We all know life is a journey and finances is just one piece of the overall journey which includes our faith, relationships, work, etc. It is interesting how finances plays such a large role in the roads we travel. From a faith perspective, there is giving. Relationships involve money when we talk about doing things with friends and family, or with how money can impact how we interact. Our work lives involves earning. Money is definitely interwoven into all these areas of life. In fact, it is no wonder that ‘going the wrong way’ financially, or making poor financial decisions has a direct impact on us.
How Do You Know if You’re Going the Wrong Way?
There are several symptoms of when you might be going the wrong way financially. Sometimes it’s easy to ignore them because they’re too painful to face. In fact, with money related issues being the leading cause of divorce and a whole lot of anxiety, many people choose to flee from these problems or bury them deep in their thoughts. Of course, there is danger in that because as mentioned above, money directly impacts important areas of life including faith (our relationship with God), relationships with family and friends and our work.
Typical symptoms of going the wrong way may include an inability to save money, increase in debt, inability to generate more income, lack of giving and overall reduction or stagnation of net worth. If you follow the Dave Ramsey Baby Steps or Crown Money Map, you can see that you’re going the wrong way financially if you can’t make progress to the next step. For example, perhaps your emergency savings hasn’t increased for a year or more. Why is that? Is it because you’ve had to use it on several unplanned financial emergencies? If that’s the case, you have to either increase income or reduce other expenses to get it built back up again.

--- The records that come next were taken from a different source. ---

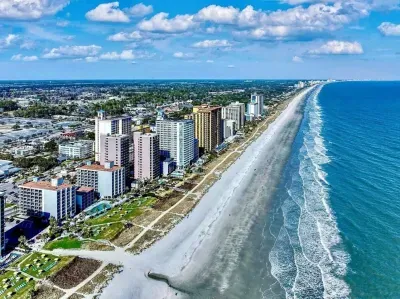 Mins 2 Ocean | Heated Pool + Arcade + Gym & More - image 95 of 132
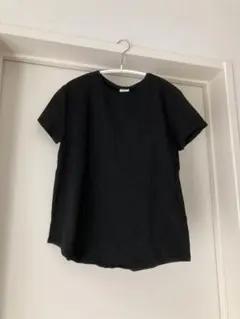 新品未使用タグ付き　ザラ　半袖Tシャツ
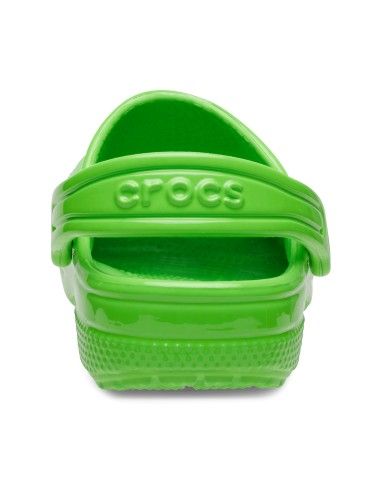 Crocs Classic Neon Highlighter Clog K Jr 2095703WA clogs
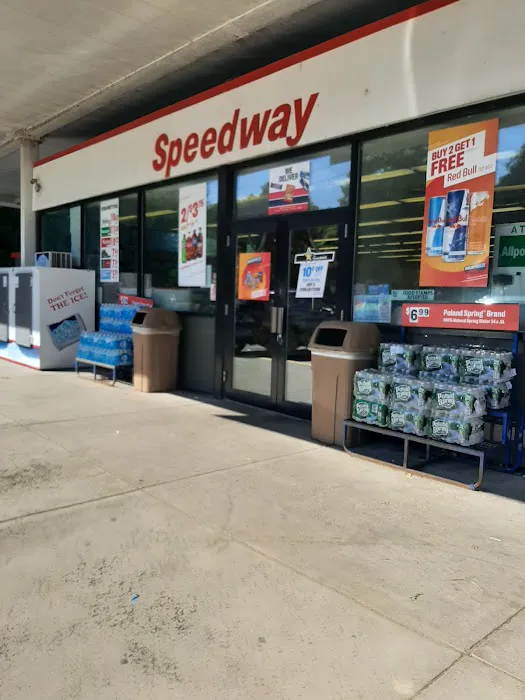 Speedway 0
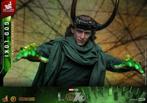 Hot Toys DX41AE God Loki Artisan Edition, West Campus 1 76863 Herxheim (DE), Actiefiguur of Pop, Heo GmbH, Nieuw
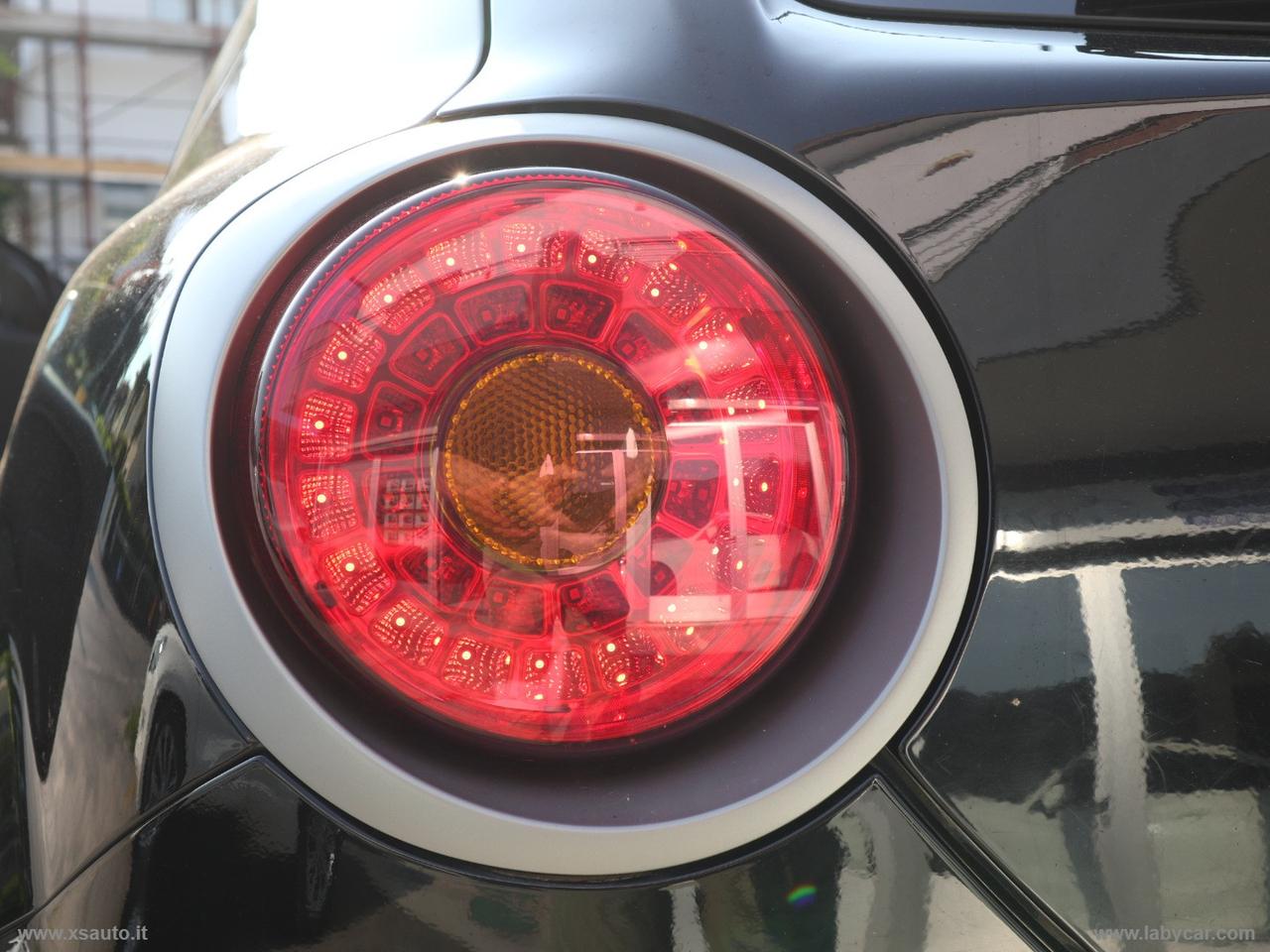 ALFA ROMEO MiTo 1.4 70 CV 8V Super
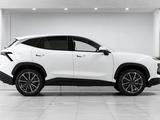 Jetour Dashing Premium 2025 года за 12 890 000 тг. в Шымкент – фото 3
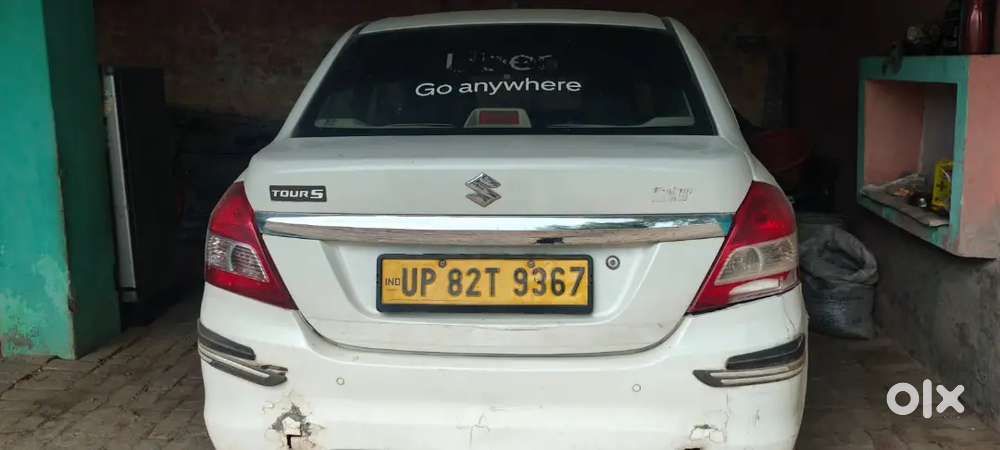 Maruti Suzuki Swift 2019 Cng Hybrid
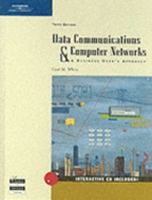 Data Communications and Computer Networks: A Business User's Approach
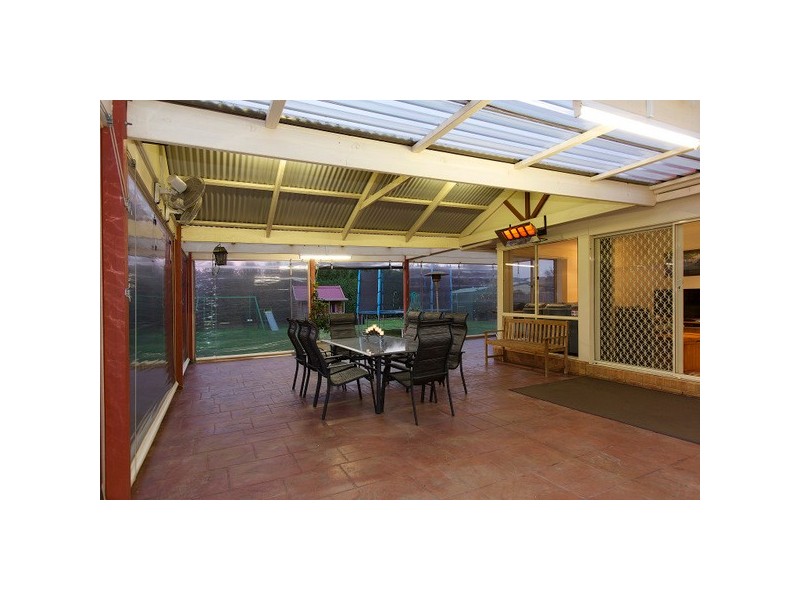 7 Cantrell Place, Narre Warren South VIC 3805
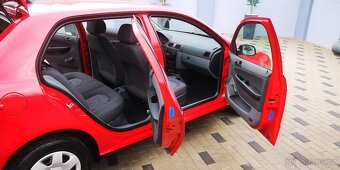 Škoda Fabia 1,2i - 40kw. SLUŠNÝ STAV - STK do 11/2026 - 12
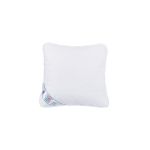 Perna Somnart HypoallergenicMed, lavabila la 95°C - 40 x 40 cm Relax KipRoom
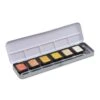 Finetec Essentials Pearlescent Colour Sets -Golden Store FinetecEssentialsPearlescentColourSets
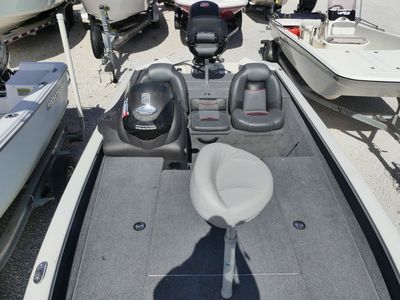 2023 Tracker Boats PRO TEAM 190 TX - Photo 11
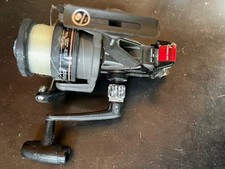 Mulinello Shimano Triton Baitrunner TFW-450 Spinning Classic SPEDIZIONE GRATUITA!!!!!!!!!!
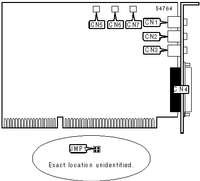ENSONIQ CORPORATION &nbsp; SOUNDSCAPE VIVO 90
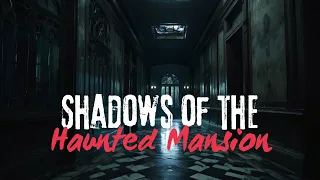 Shadows of the Haunted Mansion | Horror Stories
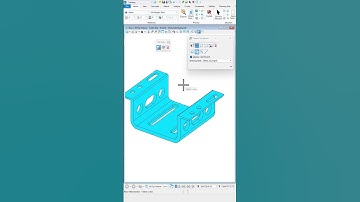 3D - Clip Volume - Add Step #microstation #tutorial #learning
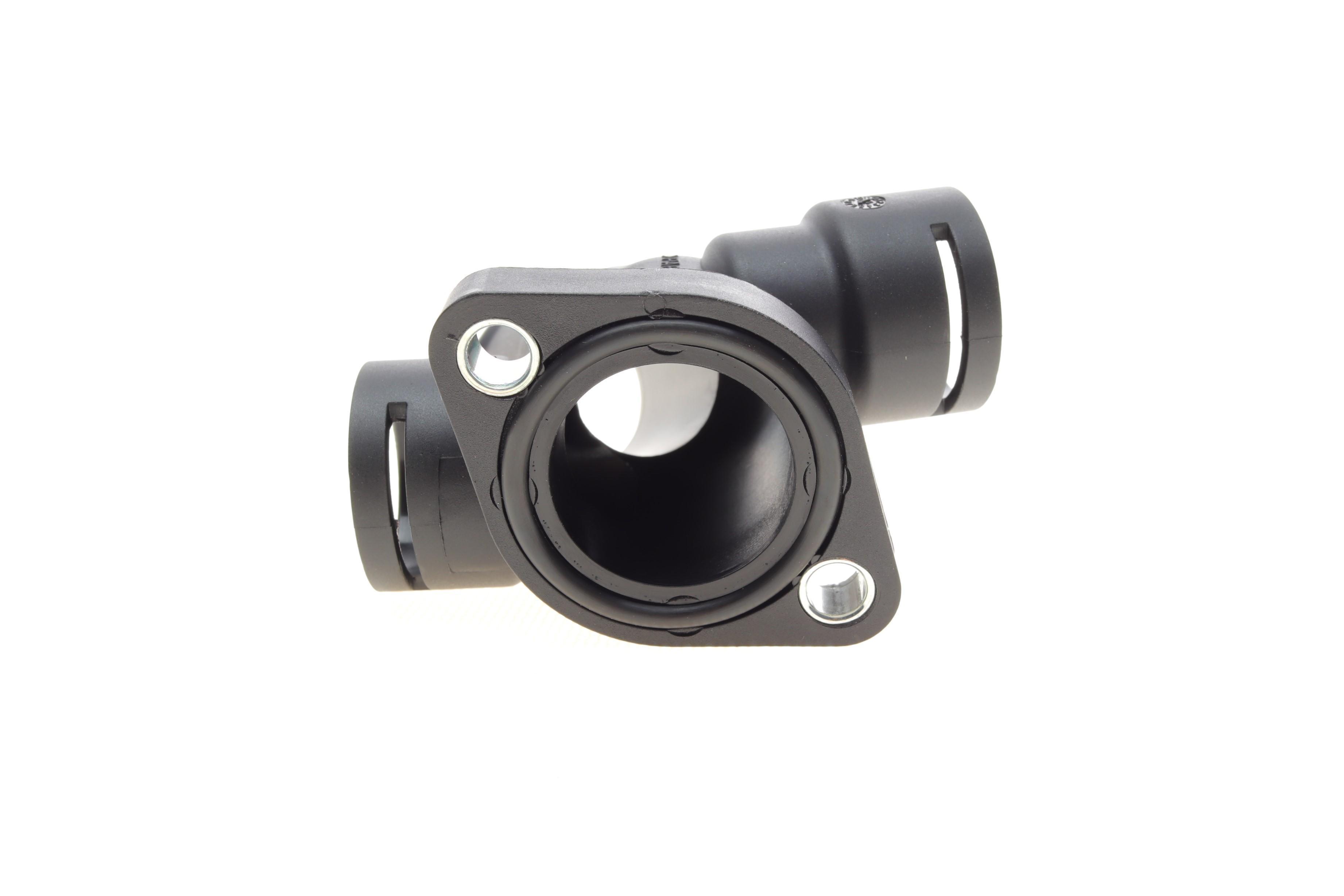 Фланець системи охолодження VW T4 2.4D/2.5TDI 90-03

Such symptoms call for immediate action. What can be dangerous for an individual or family is sleeping on these issues, or burying them to resolve later. Doing so results waking up years later with no money in the bank, moderate income and no imaginable way to be debt free or financially independent.
How to Change Directions
Changing directions financially is sometimes difficult for people. It’s when you have to have self motivation and discipline to pull yourself up out of tough situations and take corrective action. By the way, everyone has to do this at one time or another. I don’t think there is anyone who isn’t subject to finding themselves heading in the wrong financial direction at least a few times in their lives. So, it’s important to not feel sorry for yourself or feel like you’re the only one with such challenges.
So how do you change? If you experience the symptoms described you’ll want to explore ways to make more money, downsizing to free up more money each month and perhaps reign in spending with a monthly plan or budget. Personal money management is really simple math. You need to have more coming in than going out each month to make progress. When this situation no longer exists, you have to tweak income or expenses in some way to get moving again.
For a Christian, it can be a matter of putting your finances in God’s hands. Giving often helps us realize we’re not in control and that we must put faith in God to take care of us. In fact, when you’re in a financial rut, look to your giving situation first. Are you trusting God first with your money, or are you trying to carry the burden of your finances. While we’re called to be faithful Christian stewards or money managers, God plays a larger part in our finances. Where there is a lack of giving, financial struggle may exist.
How to Stay on the Right Path
Once you’re own a solid path, net worth is increasing (debt is reduced, income increasing), you have to maintain your situation. While there will continue to be hills and valleys, actively manage your money each month is important and establishing a longer term plan is essential. That’s why I think it’s important to ask yourself what you plan or hope to accomplish in the next five years. Will you become debt free, save $5000 for emergencies, start investing for retirement and contribute 10% of your gross income towards this goal? What does a five year financial plan look like for you? Start with the bigger goals and then break them down across year and identify what you have to do each month to start aligning with them. There is comfort in having a plan.
Have you ever found yourself going the wrong way financially? If so, how did you change your situation?